Qui dit rappel, dit régularité. Amorcer une boulette toutes les 5 minutes est un bon début. Variez les quantités selon le déroulement des opérations.

c.       La ligne
Sa tenue
La ligne doit être manipulée avec lenteur et précision. On ralentira sa progression dans le courant ou, le plus souvent, on bloquera  le flotteur. Le mieux est de prospecter le coup de 20cm en 20cm pour connaître la position du poisson. Ensuite il faudra s’adapter à ses humeurs.
Pêcher à la «paresseuse», c’est à dire canne posée sur les repose-cannes, peut s’avérer particulièrement payant, car la ligne est bien immobile.
Le bas de ligne repose sur le fond. Parfois, mettre un plomb de touche «dessus» est efficace. La ligne traînera donc de 10 à 40cm (touches trop rapides, mettez plus de fond ; vous ne voyez pas les touches et ramenez des asticots sucés, diminuez le fond).
Le choix du flotteur :
Quand les modèles plats sont arrivés sur le marché, la publicité disait qu’ils permettaient de pêcher plus léger grâce à leur hydrodynamisme étudié. C’était du marketing. Une flotteur plat de 8g remplace une boule de 8g, c’est tout.

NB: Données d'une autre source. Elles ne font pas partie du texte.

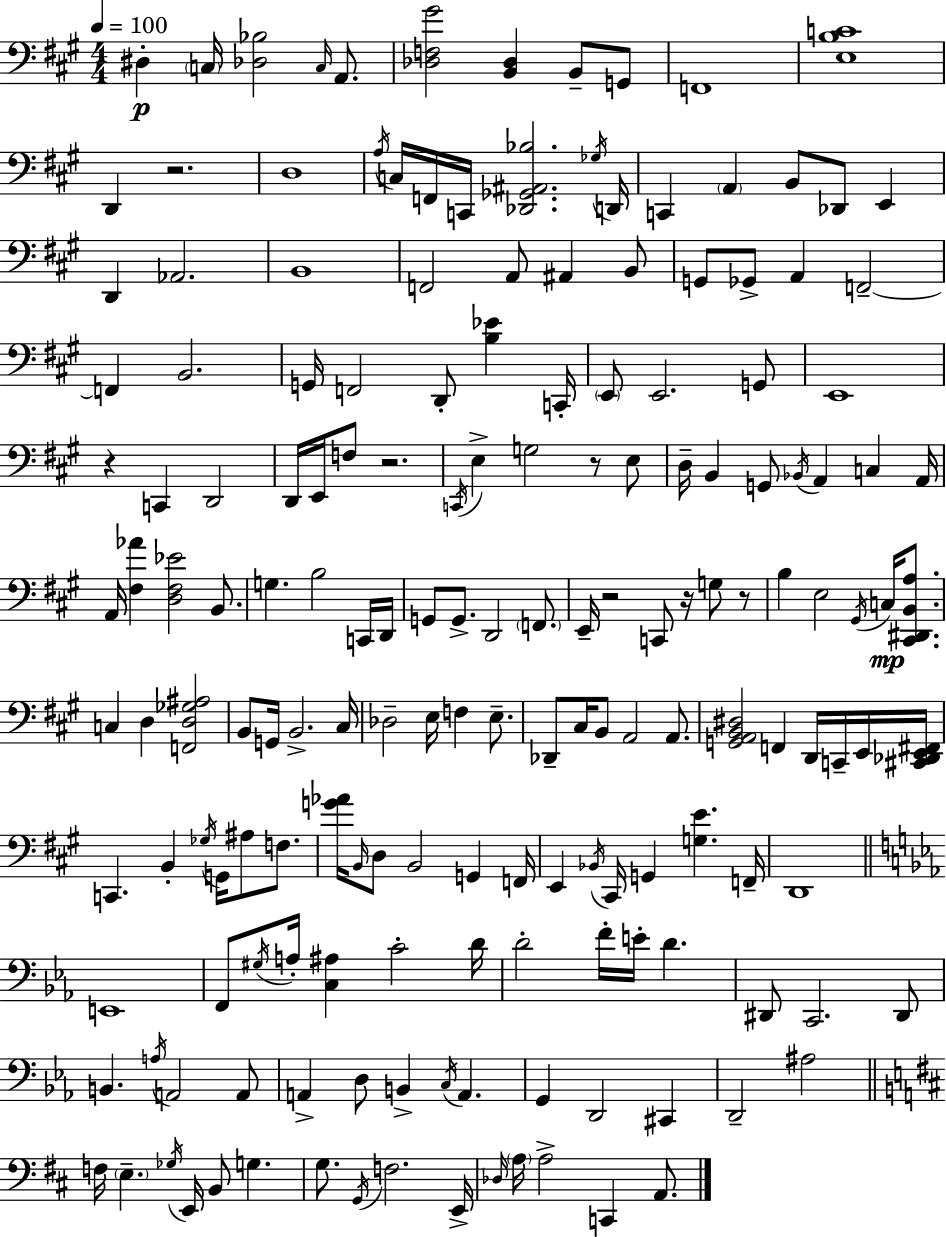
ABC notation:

X:1
T:Untitled
M:4/4
L:1/4
K:A
^D, C,/4 [_D,_B,]2 C,/4 A,,/2 [_D,F,^G]2 [B,,_D,] B,,/2 G,,/2 F,,4 [E,B,C]4 D,, z2 D,4 A,/4 C,/4 F,,/4 C,,/4 [_D,,_G,,^A,,_B,]2 _G,/4 D,,/4 C,, A,, B,,/2 _D,,/2 E,, D,, _A,,2 B,,4 F,,2 A,,/2 ^A,, B,,/2 G,,/2 _G,,/2 A,, F,,2 F,, B,,2 G,,/4 F,,2 D,,/2 [B,_E] C,,/4 E,,/2 E,,2 G,,/2 E,,4 z C,, D,,2 D,,/4 E,,/4 F,/2 z2 C,,/4 E, G,2 z/2 E,/2 D,/4 B,, G,,/2 _B,,/4 A,, C, A,,/4 A,,/4 [^F,_A] [D,^F,_E]2 B,,/2 G, B,2 C,,/4 D,,/4 G,,/2 G,,/2 D,,2 F,,/2 E,,/4 z2 C,,/2 z/4 G,/2 z/2 B, E,2 ^G,,/4 C,/4 [^C,,^D,,B,,A,]/2 C, D, [F,,D,_G,^A,]2 B,,/2 G,,/4 B,,2 ^C,/4 _D,2 E,/4 F, E,/2 _D,,/2 ^C,/4 B,,/2 A,,2 A,,/2 [G,,A,,B,,^D,]2 F,, D,,/4 C,,/4 E,,/4 [^C,,_D,,E,,^F,,]/4 C,, B,, _G,/4 G,,/4 ^A,/2 F,/2 [G_A]/4 B,,/4 D,/2 B,,2 G,, F,,/4 E,, _B,,/4 ^C,,/4 G,, [G,E] F,,/4 D,,4 E,,4 F,,/2 ^G,/4 A,/4 [C,^A,] C2 D/4 D2 F/4 E/4 D ^D,,/2 C,,2 ^D,,/2 B,, A,/4 A,,2 A,,/2 A,, D,/2 B,, C,/4 A,, G,, D,,2 ^C,, D,,2 ^A,2 F,/4 E, _G,/4 E,,/4 B,,/2 G, G,/2 G,,/4 F,2 E,,/4 _D,/4 A,/4 A,2 C,, A,,/2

-          Comment choisir son flotteur ?
C’est simple, bloquez le dans le courant, scion à ras de l’eau. Si l’antenne se couche avec le courant, augmentez le poids du flotteur … jusqu’à ce qu’elle se tienne bien droite.
-          Comment plomber un flotteur plat ?

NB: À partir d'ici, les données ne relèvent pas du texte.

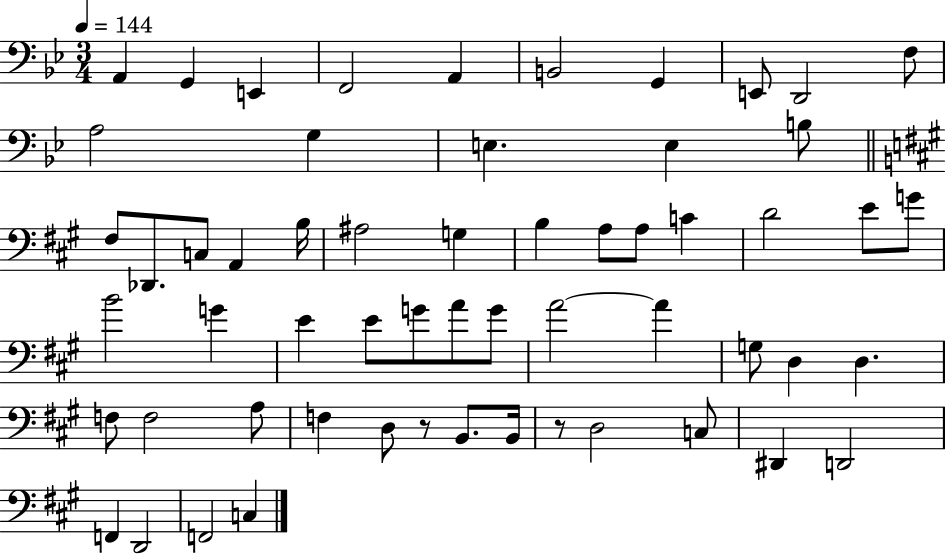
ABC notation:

En fait, un tel flotteur n’est bien équilibré que quand il est à la limite de couler. Cette fois-ci, le trop n’est pas l’ennemi du bien. En fait, étant donné que vous allez le tenir en permanence (c’est la seule contrainte d’un flotteur plat), il aura tendance à toujours remonter un peu trop de l’eau, d’où le léger surplombage.
-          Comment l’utiliser au mieux ?
Ce flotteur permet de bloquer complètement la ligne ou bien de faire des prospections lentes en laissant glisser la ligne de 20 en 20 cm. Encore une fois, il n’est pas question de le laisser aller avec le courant, il doit être tenu en permanence.

Et les flotteurs «boule» dans tout cela ? Et bien, ils sont toujours irremplaçables quand il faut faire une coulée et en dessous de 8g. Parfois même, quand le courant est assez faible, ils sont les seuls permettant de prendre du poisson.

Voilà, vous êtes parés pour aller affronter une pêche de gros poissons en Meuse. Vos tabliers, bourriches, tête d’épuisettes et pantalon vont sentir la brème … c’est votre femme qui va être contente. Ceci me donne d’ailleurs une bonne idée : le prochain article sera dédié à l’entretien de votre matériel. C’est votre femme qui sera ravie de voir votre canne dans la baignoire.